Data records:
○ ○ ○ ○ ○
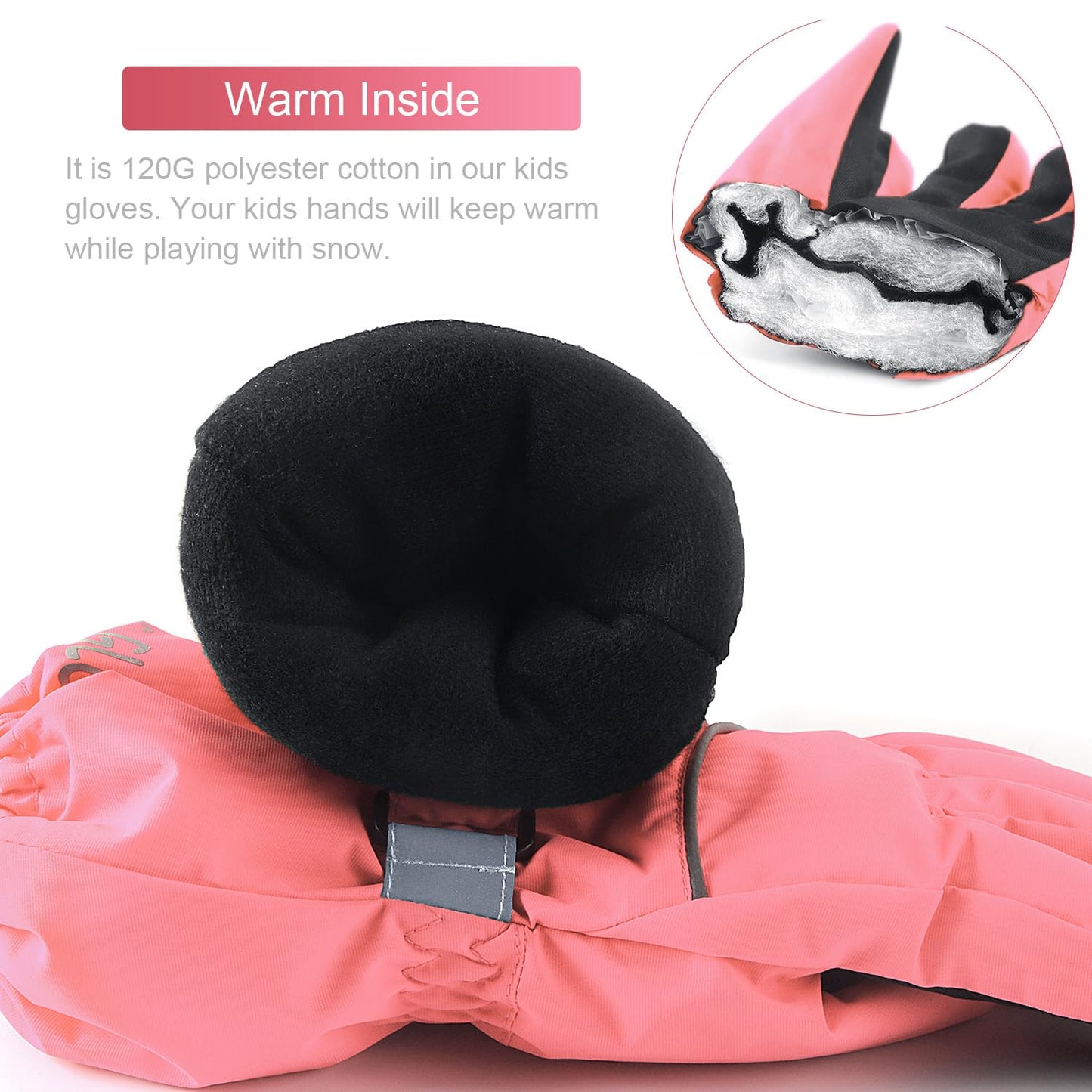 ThxToms Children's Ski Gloves, Winter Ski Gloves, -15°C, Windproof, Waterproof, Warm, Oxford Palm, Thickened for Cold Weather, Outdoor Sports, Snowboarding, Skiing, for Boys and Girls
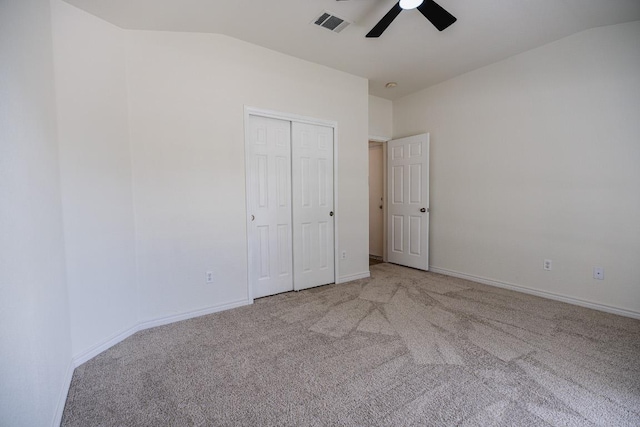1420 Marsh Harbour Dr, Round Rock, TX 78664 - unfurnished bedroom with light carpet, vaulted ceiling, baseboards, a closet, and a ceiling fan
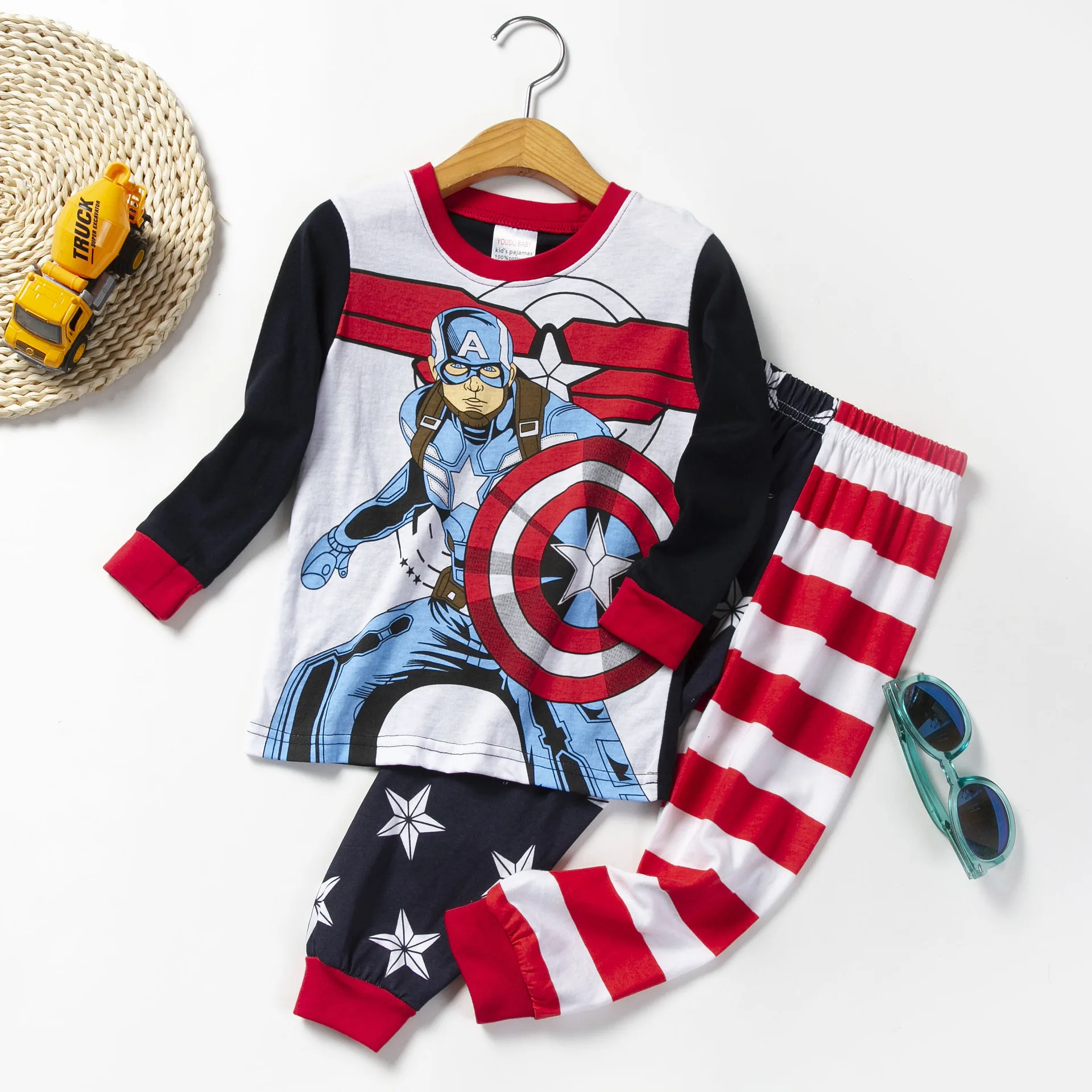 Conjunto de 2 Piezas de Pijamas para Niños, Diseño de Spiderman, Ropa para Bebés, Niñas y Niños, Pijamas de Hulk, Camiseta de Manga Larga + Pantalones, Disfraz para el Hogar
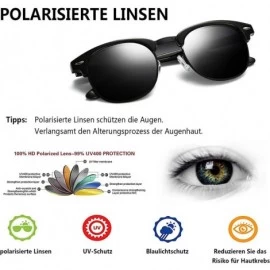 Rimless Polarized Sunglasses for Men and Women - Semi-Rimless Men Sunglasses polarized uv protection WP2006 - All Black - CZ1...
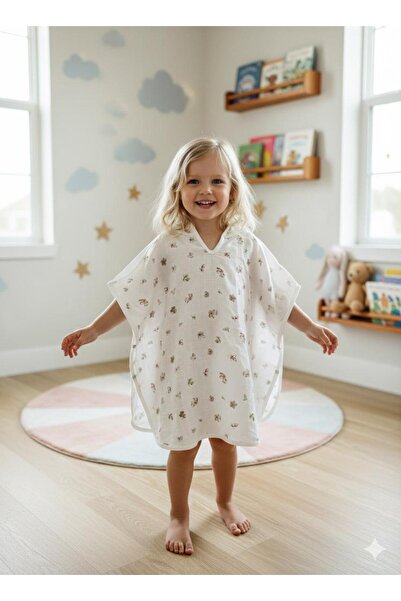 JUNİPERUS Organik %100 Pamuk Müslin Kapşonlu Plaj Çocuk Bebek Panço Bornoz Ba...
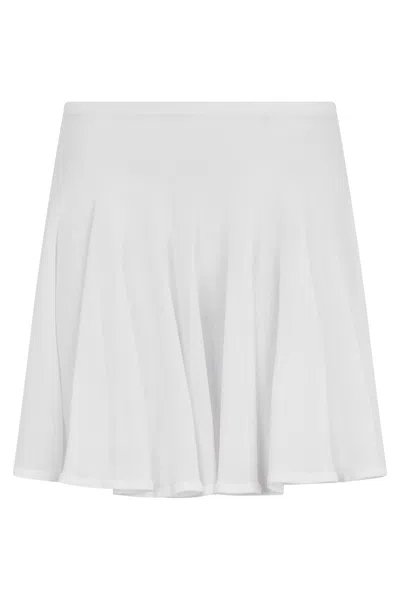 Alaïa Fine-knit Flared Skirt In White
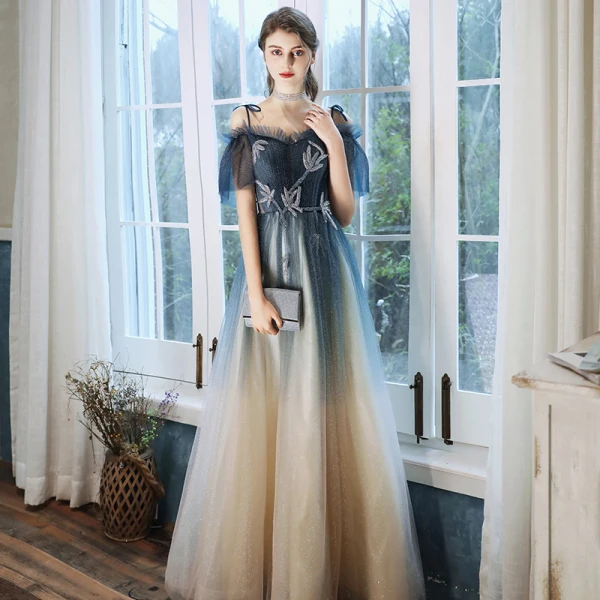 Chic / Belle Bleu Marine Dégradé De Couleur Champagne Robe De Soirée 2020 Princesse De l'épaule Bretelles Spaghetti Manches Courtes Perlage Glitter Tulle Longue Volants Robe De Ceremonie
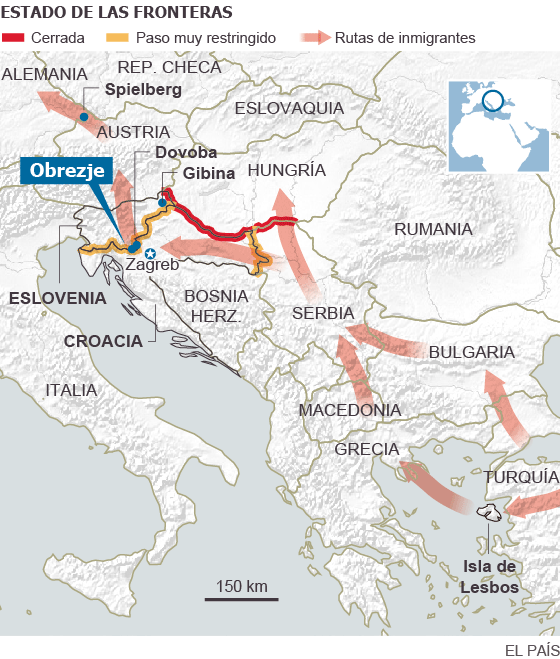 Mapa de la inmigración en el sureste de la UE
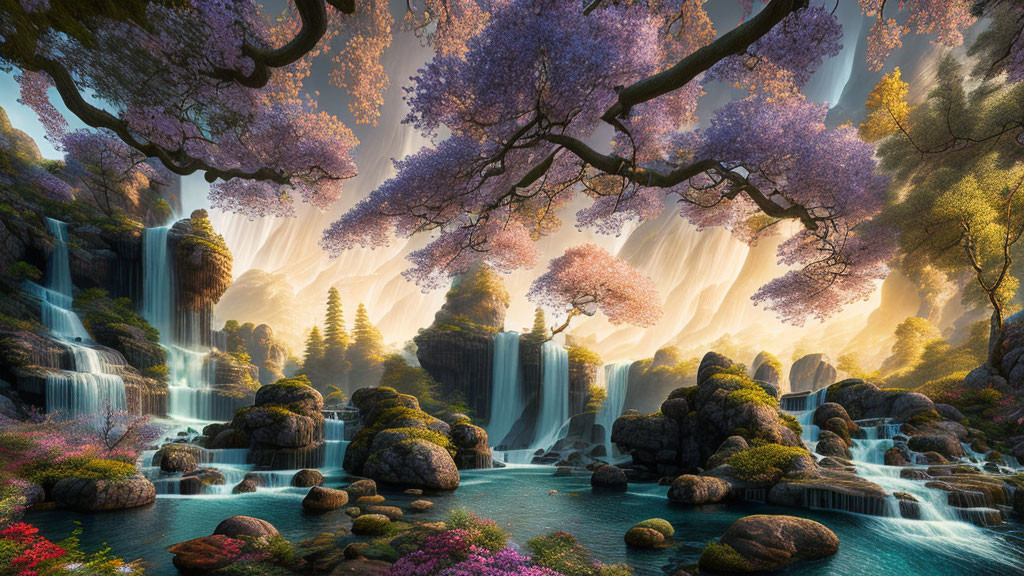 Tranquil fantasy landscape with waterfalls, river, flora, and grand tree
○ ○ ○ ○ ○
## PROBLEM
Pictures in the entries do not go into the copy. Print only the lines starting at the one containing "Rimless Polarized Sunglasses" and ending at the one containing "Chic / Belle", exactly as they appear.

## FINISHED TASK
 Rimless Polarized Sunglasses for Men and Women - Semi-Rimless Men Sunglasses polarized uv protection WP2006 - All Black - CZ1...
 JUNİPERUS Organik %100 Pamuk Müslin Kapşonlu Plaj Çocuk Bebek Panço Bornoz Ba...
 Alaïa Fine-knit Flared Skirt In White
 Chic / Belle Bleu Marine Dégradé De Couleur Champagne Robe De Soirée 2020 Princesse De l'épaule Bretelles Spaghetti Manches Courtes Perlage Glitter Tulle Longue Volants Robe De Ceremonie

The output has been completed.